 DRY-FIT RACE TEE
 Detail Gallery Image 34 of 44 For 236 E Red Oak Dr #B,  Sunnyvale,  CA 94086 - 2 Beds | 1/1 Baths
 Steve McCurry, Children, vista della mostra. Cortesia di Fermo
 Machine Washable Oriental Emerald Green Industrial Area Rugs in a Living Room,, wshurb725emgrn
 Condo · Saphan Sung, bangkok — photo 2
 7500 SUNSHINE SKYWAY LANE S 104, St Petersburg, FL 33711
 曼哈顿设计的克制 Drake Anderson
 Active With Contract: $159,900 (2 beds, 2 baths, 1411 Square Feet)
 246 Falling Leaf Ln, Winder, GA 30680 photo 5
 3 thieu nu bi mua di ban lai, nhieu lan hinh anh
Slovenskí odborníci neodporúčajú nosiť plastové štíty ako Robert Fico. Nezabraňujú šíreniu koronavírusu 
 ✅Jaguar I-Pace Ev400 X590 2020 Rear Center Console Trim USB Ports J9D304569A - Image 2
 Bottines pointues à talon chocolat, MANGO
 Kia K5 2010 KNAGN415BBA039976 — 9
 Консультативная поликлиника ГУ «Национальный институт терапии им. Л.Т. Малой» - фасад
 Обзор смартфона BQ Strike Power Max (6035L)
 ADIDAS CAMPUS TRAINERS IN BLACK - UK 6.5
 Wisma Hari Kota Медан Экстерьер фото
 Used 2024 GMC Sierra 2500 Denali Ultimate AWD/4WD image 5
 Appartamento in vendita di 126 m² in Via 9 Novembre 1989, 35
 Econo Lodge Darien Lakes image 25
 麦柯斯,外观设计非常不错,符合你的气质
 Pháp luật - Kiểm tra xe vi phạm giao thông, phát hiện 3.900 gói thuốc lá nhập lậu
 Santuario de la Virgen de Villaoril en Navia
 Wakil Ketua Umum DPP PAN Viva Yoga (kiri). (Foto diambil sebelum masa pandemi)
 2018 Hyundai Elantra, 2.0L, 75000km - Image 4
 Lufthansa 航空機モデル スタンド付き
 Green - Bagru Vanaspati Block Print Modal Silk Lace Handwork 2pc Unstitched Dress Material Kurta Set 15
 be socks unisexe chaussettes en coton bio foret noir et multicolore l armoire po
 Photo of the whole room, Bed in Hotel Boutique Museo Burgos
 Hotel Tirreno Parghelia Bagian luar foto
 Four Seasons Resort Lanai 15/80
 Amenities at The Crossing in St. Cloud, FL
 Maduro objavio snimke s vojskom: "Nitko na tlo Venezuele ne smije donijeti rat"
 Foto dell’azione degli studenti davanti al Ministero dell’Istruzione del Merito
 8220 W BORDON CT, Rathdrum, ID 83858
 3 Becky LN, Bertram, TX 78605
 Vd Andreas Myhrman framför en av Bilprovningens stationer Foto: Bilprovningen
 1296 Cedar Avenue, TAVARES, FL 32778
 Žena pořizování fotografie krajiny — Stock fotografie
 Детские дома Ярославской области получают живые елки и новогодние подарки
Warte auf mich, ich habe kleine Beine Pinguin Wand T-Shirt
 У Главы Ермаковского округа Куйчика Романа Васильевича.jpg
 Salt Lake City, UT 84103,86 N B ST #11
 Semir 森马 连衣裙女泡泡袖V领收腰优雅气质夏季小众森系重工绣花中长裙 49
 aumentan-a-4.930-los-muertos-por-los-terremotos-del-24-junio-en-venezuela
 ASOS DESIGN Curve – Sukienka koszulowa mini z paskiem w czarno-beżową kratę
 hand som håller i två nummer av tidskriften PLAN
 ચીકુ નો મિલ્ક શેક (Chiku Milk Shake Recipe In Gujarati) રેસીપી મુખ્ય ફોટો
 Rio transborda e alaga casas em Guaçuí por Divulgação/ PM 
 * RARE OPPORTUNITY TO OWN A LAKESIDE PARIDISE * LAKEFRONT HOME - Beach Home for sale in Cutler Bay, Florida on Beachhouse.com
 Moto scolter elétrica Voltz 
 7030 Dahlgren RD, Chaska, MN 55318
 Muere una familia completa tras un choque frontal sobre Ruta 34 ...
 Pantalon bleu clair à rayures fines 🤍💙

----

- _Task statement_
Please reproduce the closing stretch of the records, from the line with "Warte auf mich, ich" through the last line, exactly as it stands.

- _Exercise answer_
Warte auf mich, ich habe kleine Beine Pinguin Wand T-Shirt
 У Главы Ермаковского округа Куйчика Романа Васильевича.jpg
 Salt Lake City, UT 84103,86 N B ST #11
 Semir 森马 连衣裙女泡泡袖V领收腰优雅气质夏季小众森系重工绣花中长裙 49
 aumentan-a-4.930-los-muertos-por-los-terremotos-del-24-junio-en-venezuela
 ASOS DESIGN Curve – Sukienka koszulowa mini z paskiem w czarno-beżową kratę
 hand som håller i två nummer av tidskriften PLAN
 ચીકુ નો મિલ્ક શેક (Chiku Milk Shake Recipe In Gujarati) રેસીપી મુખ્ય ફોટો
 Rio transborda e alaga casas em Guaçuí por Divulgação/ PM 
 * RARE OPPORTUNITY TO OWN A LAKESIDE PARIDISE * LAKEFRONT HOME - Beach Home for sale in Cutler Bay, Florida on Beachhouse.com
 Moto scolter elétrica Voltz 
 7030 Dahlgren RD, Chaska, MN 55318
 Muere una familia completa tras un choque frontal sobre Ruta 34 ...
 Pantalon bleu clair à rayures fines 🤍💙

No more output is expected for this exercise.